Entre a evidenciação e a invisibilidade
Silvero Pereira em Pequeno Monstro, em cartaz no Teatro Poeira (Foto: Tainá Cavalcante)
Pequeno Monstro coloca a plateia diante do contraponto entre um discurso claro, objetivo, exposto de maneira direta, e uma concepção cênica enigmática, que estimula interpretações de quem assiste e valoriza a interface entre o teatro e outras manifestações artísticas (música, audiovisual e, em especial, artes plásticas).
O ator Silvero Pereira assina a dramaturgia centrada na questão da extrema violência traduzida em bullying e em frequentes assassinatos de crianças e jovens portadores de sexualidades que não se enquadram em normas pré-estabelecidas, massacres que, na maioria das vezes, repousam no anonimato. Silvero aborda essa tragédia perpetuada no decorrer do tempo, que diz respeito a muitos e, em particular, a ele – numa conjugação entre voz individual e voz coletiva que norteou outro solo que fez: BR Trans. Devido à preocupação em conscientizar sobre assunto tão relevante, o discurso é talvez excessivamente evidenciado.
Já na interação de Silvero com a proposta cenográfica (de Dina Salem Levy), Pequeno Monstro é uma montagem repleta de invisibilidades e desaparecimentos. Logo no início da apresentação dessa encenação dirigida por Andreia Pires, um tubo sinuoso de plástico toma conta do palco do Teatro Poeira e Silvero demora um pouco para aparecer – tubo, que, a partir de determinado instante, é simplesmente descartado pelo ator.
A cena também é composta por instrumentos de uma banda, dispostos no palco, mas sem que Silvero atue como músico – com exceção do final, ainda que o ato de extravasamento do ator seja bem mais importante do que um eventual virtuosismo musical. Antes disso, cada instrumento, distanciado de sua utilidade, é usado para simbolizar integrantes da família de Silvero.
Em dado momento, uma voz se impõe, mas sem a imagem do dono da voz, e Silvero transita por partes dos bastidores do teatro, espaços que o público não tem como acessar visualmente.
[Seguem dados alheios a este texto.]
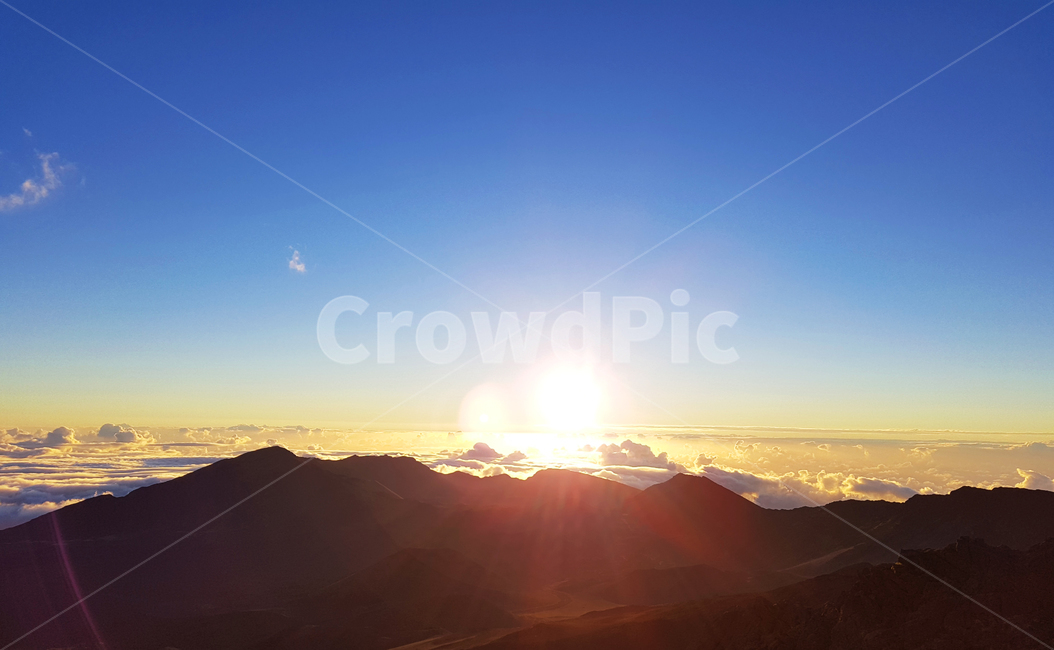 일출,자연,하늘,해,산,할레아칼라,haleakalā,sun,sunrise,자연,풍경,nature,landscape,light,빛,flare,플레어,outdoors,옥외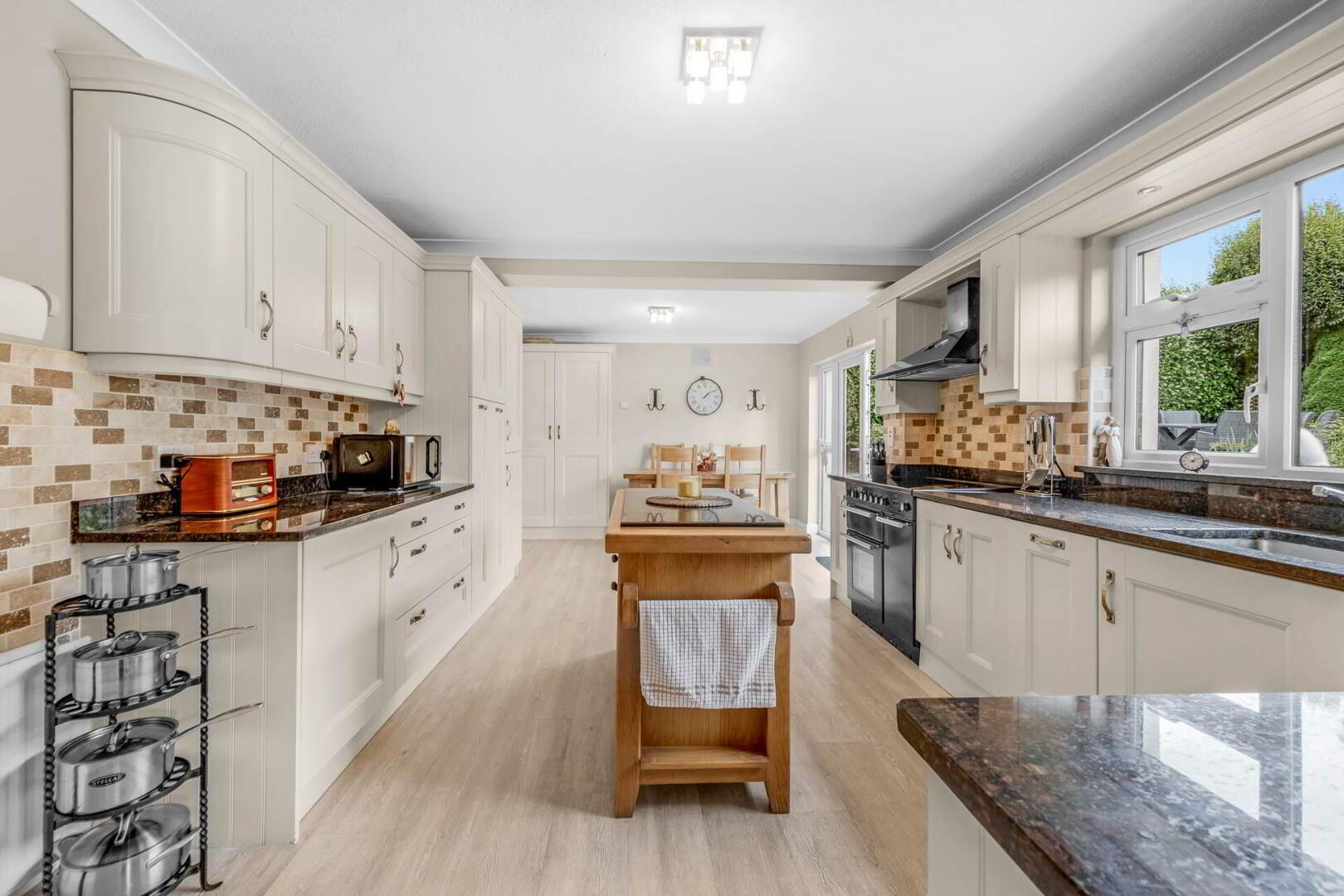 51 Tudor Grove 9 of 26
Além disso, ao longo da apresentação desenhos estampam o corpo do ator. Como as imagens são projetadas, não aderem ao corpo. Somem de modo instantâneo, tanto as que se referem à sua ancestralidade quanto aquelas que caricaturam de forma preconceituosa e excludente um corpo que não segue padrões impostos.
A evocação de dolorosas lembranças possivelmente colabora para a segurança de Silvero em relação à palavra, mas a qualidade do seu trabalho, em corpo e voz, não se restringe ao atravessamento pessoal. O ator dá vazão à dramaturgia física de um corpo sufocado que transborda sem, com isso, perder o controle de sua presença em cena.
Pequeno Monstro gera alguma estranheza na oposição entre a concretude do texto expositivo – numa passagem, Silvero quebra a quarta parede e requisita a contribuição do público – e a criação estética – que resulta da articulação entre a cenografia e uma iluminação (de Sarah Salgado e Ricardo Vivian) que faz parte da espacialidade e inunda o palco com tonalidades fortes – mais aberta ao abstrato e repleta de ausências intencionais.
PEQUENO MONSTRO – Texto e atuação de Silvero Pereira. Direção de Andreia Pires. Teatro Poeira (R. São João Batista, 104). De qui. a sáb., às 20h, dom., às 19h. Ingressos: R$ 80,00 e R$ 40,00 (meia-entrada).